Lâché sans aucun script à illustrer, Lenzi se lance dans l’action à corps perdu et multiplie ainsi les scènes d’agression et les massacres, ceci pour le plus grand plaisir des bisseux qui feront leur deuil de toute ambiance réellement effrayante. Entre l’attaque d’un aéroport, l’invasion d’un hôpital et le massacre au cœur d’une station de télévision, Lenzi bombarde le spectateur de séquences agressives, souvent caractérisées par des délires gore plus ou moins maîtrisés. Ici, on arrache des seins, on mord des gorges offertes, là on arrache les yeux de victimes souvent féminines et dénudées. L’ensemble ne peut clairement pas être pris au sérieux, mais s’avère d’une grande générosité en matière de bis.
Un dérapage non contrôlé au charme bis indéniable
Bien entendu, pour justifier ce déluge de séquences hystériques, Lenzi y va de son petit commentaire sur les dérives de la société moderne, avec la légèreté d’un éléphant dans un magasin de porcelaines. Histoire de combler quelques trous narratifs, il nous donne à voir la réaction pas très efficace d’une armée dépassée (Mel Ferrer fait un général pas vraiment convaincant et Francisco Rabal semble là pour payer ses impôts).
Toutefois, malgré ce manque évident de soin dans la conception du long-métrage, et notamment au niveau des effets spéciaux, assez sommaires, L’avion de l’apocalypse bénéficie d’un montage diablement efficace, d’une réalisation rentre-dedans et d’une étonnante partition musicale de Stelvio Cipriani. On apprécie également la localisation des extérieurs près de Madrid, ce qui est finalement assez peu fréquent dans le bis rital. Uniquement adressé à un public venu passer un moment de détente fun, ce long-métrage brinquebalant déploie une telle générosité dans l’action qu’il ne peut laisser indifférent. Certains dérapages permettent de rire, sans que l’on décroche pourtant du spectacle offert. Il est tout de même difficile de défendre la fin du film, totalement sabordée par des auteurs en manque d’inspiration.
L’avion de l’apocalypse, nanar ou film sympathique ?

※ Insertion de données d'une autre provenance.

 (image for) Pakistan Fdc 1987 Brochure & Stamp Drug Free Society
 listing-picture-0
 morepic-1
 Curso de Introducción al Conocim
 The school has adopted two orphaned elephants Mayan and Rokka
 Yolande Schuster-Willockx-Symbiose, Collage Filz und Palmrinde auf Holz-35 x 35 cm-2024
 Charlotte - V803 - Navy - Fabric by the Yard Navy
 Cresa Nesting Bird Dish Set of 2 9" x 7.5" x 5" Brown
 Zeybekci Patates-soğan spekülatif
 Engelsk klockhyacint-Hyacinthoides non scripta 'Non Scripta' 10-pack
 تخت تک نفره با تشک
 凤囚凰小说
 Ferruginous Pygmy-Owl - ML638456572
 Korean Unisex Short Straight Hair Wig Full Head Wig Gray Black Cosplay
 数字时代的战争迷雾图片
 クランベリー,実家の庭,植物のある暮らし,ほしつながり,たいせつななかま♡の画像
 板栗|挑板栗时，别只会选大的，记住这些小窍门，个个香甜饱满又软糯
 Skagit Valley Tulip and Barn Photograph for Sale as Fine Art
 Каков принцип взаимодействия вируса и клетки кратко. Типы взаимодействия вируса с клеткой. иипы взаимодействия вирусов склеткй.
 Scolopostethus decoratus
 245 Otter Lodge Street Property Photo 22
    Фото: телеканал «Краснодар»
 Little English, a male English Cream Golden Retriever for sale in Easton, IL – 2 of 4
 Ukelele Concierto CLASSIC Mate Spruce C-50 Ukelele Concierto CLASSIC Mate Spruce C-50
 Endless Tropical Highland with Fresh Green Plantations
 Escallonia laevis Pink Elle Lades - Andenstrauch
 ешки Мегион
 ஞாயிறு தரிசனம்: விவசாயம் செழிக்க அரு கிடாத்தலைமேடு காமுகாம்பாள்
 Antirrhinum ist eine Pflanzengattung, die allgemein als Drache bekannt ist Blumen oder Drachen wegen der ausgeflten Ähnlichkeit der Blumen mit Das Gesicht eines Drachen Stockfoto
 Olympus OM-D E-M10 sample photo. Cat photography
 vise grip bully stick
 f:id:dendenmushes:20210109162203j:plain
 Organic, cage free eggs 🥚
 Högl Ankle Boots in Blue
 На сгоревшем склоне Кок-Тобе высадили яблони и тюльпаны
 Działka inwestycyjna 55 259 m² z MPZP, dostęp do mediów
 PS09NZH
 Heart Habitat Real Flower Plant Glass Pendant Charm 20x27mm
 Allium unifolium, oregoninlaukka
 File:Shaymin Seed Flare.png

Sorti en catimini dans les salles françaises au mois de juin 1982 et assorti d’une interdiction aux moins de 18 ans, L’avion de l’apocalypse a finalement été peu vu au cinéma (53 236 entrées sur tout le territoire national). La plupart des fans de cinéma horrifique l’ont découvert par le biais de la VHS qui a permis de faire du long-métrage une œuvre qui possède autant de défenseurs que de détracteurs.